The days of the small Surgeon General’s warning on the side of cigarette packs are ending. The U.S. Food and Drug Administration has announced that it is mandating bolder health warnings on cigarette advertising and packages in an attempt to get people to quit and to remind would-be smokers of tobacco’s dangers.

It is the biggest change in tobacco warnings in 25 years. Some of the 36 graphic images suggested by the FDA are daunting: a mottled brown diseased lung; an emaciated, hollow-eyed cancer patient; a close-up of a diseased mouth with an open sore and rotting teeth.

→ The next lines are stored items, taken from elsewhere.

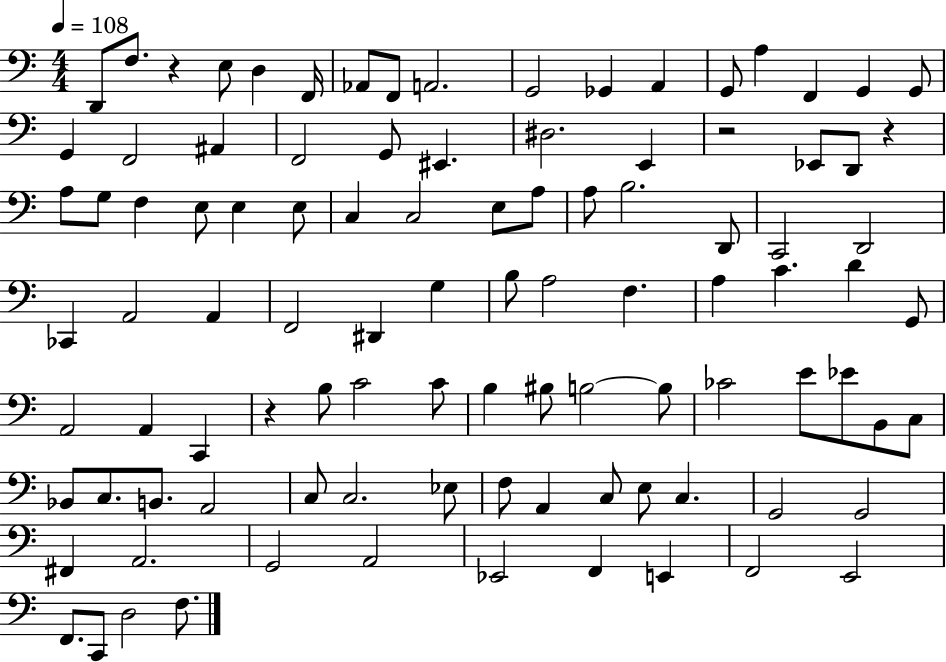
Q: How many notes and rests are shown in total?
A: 100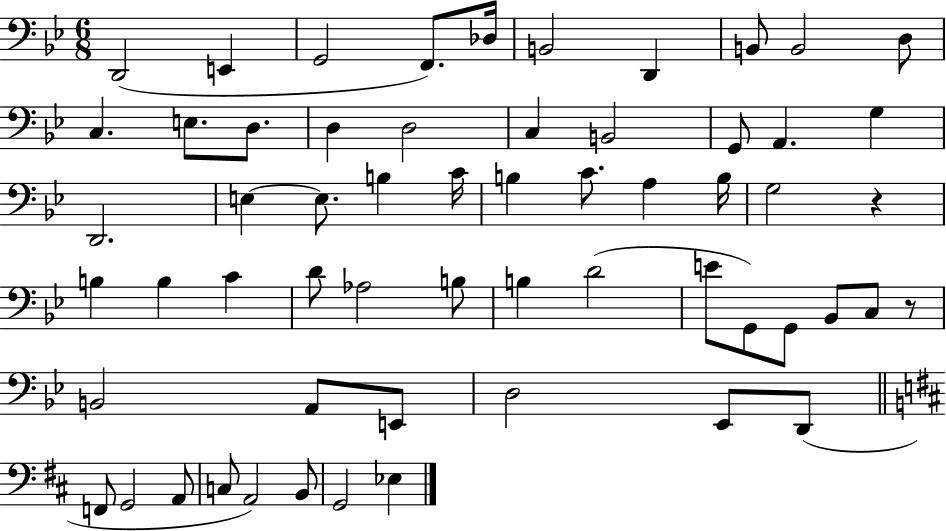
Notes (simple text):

D2/h E2/q G2/h F2/e. Db3/s B2/h D2/q B2/e B2/h D3/e C3/q. E3/e. D3/e. D3/q D3/h C3/q B2/h G2/e A2/q. G3/q D2/h. E3/q E3/e. B3/q C4/s B3/q C4/e. A3/q B3/s G3/h R/q B3/q B3/q C4/q D4/e Ab3/h B3/e B3/q D4/h E4/e G2/e G2/e Bb2/e C3/e R/e B2/h A2/e E2/e D3/h Eb2/e D2/e F2/e G2/h A2/e C3/e A2/h B2/e G2/h Eb3/q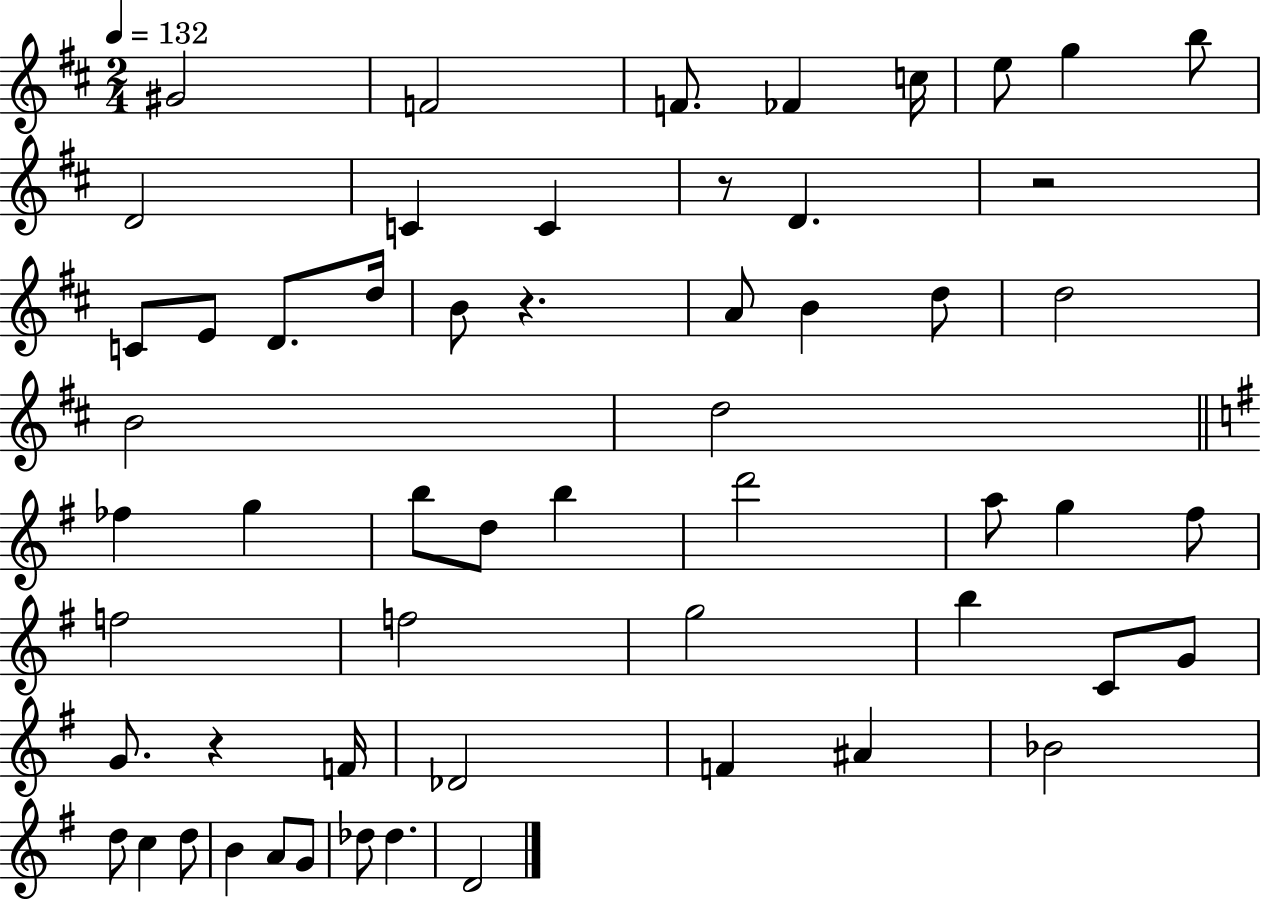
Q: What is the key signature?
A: D major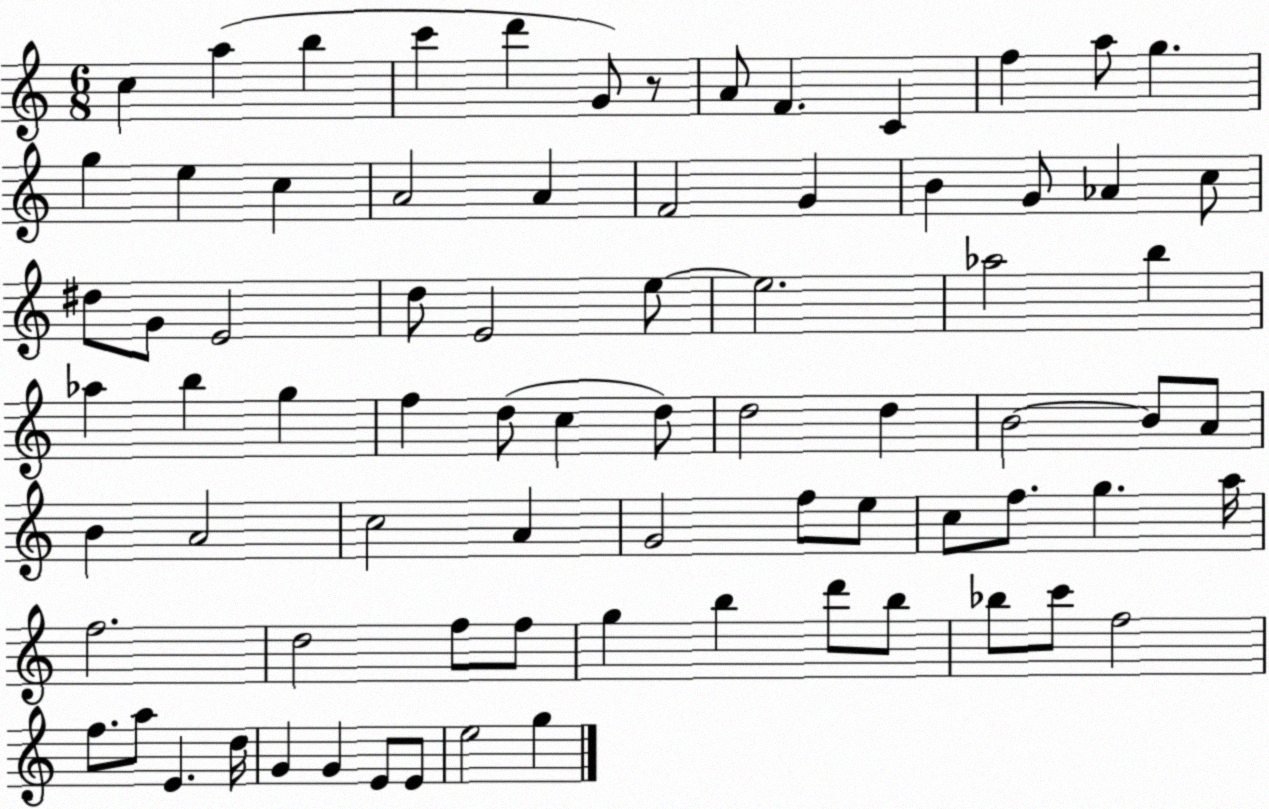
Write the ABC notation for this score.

Nine graphic warnings are scheduled to be selected by June 2011 and manufacturers will be required to include one of the warnings on cigarettes for sale in the United States, beginning Oct. 22, 2012.

But will the plan work?

Ross Buck, a professor of communication sciences in the College of Liberal Arts and Sciences, has done extensive research into human motivation, emotion, and risk communication. He says the vivid warnings should have more of an impact than the Surgeon General’s cautionary text because they evoke emotion and therefore resonate at a deeper level with individuals who encounter them. Buck suggests the harsher warnings are necessary to counter the aggressive marketing campaigns of big tobacco companies.

“Advertising campaigns for tobacco products have long promoted unhealthy smoking behavior by linking their brands to positive images and emotions in messages that have been directed particularly toward young people,” says Buck. “Such advertisements have been utilized with great success for decades, effectively creating sustained increases in tobacco use and diverting attention from potentially harmful effects, resulting in the mindless acceptance of risk on the part of consumers. These enormously effective emotional appeals belie the small ‘warning labels’ currently imposed on tobacco and alcohol packaging in the United States. Those warnings are not effective because they are not noticeable and they do not evoke emotion.”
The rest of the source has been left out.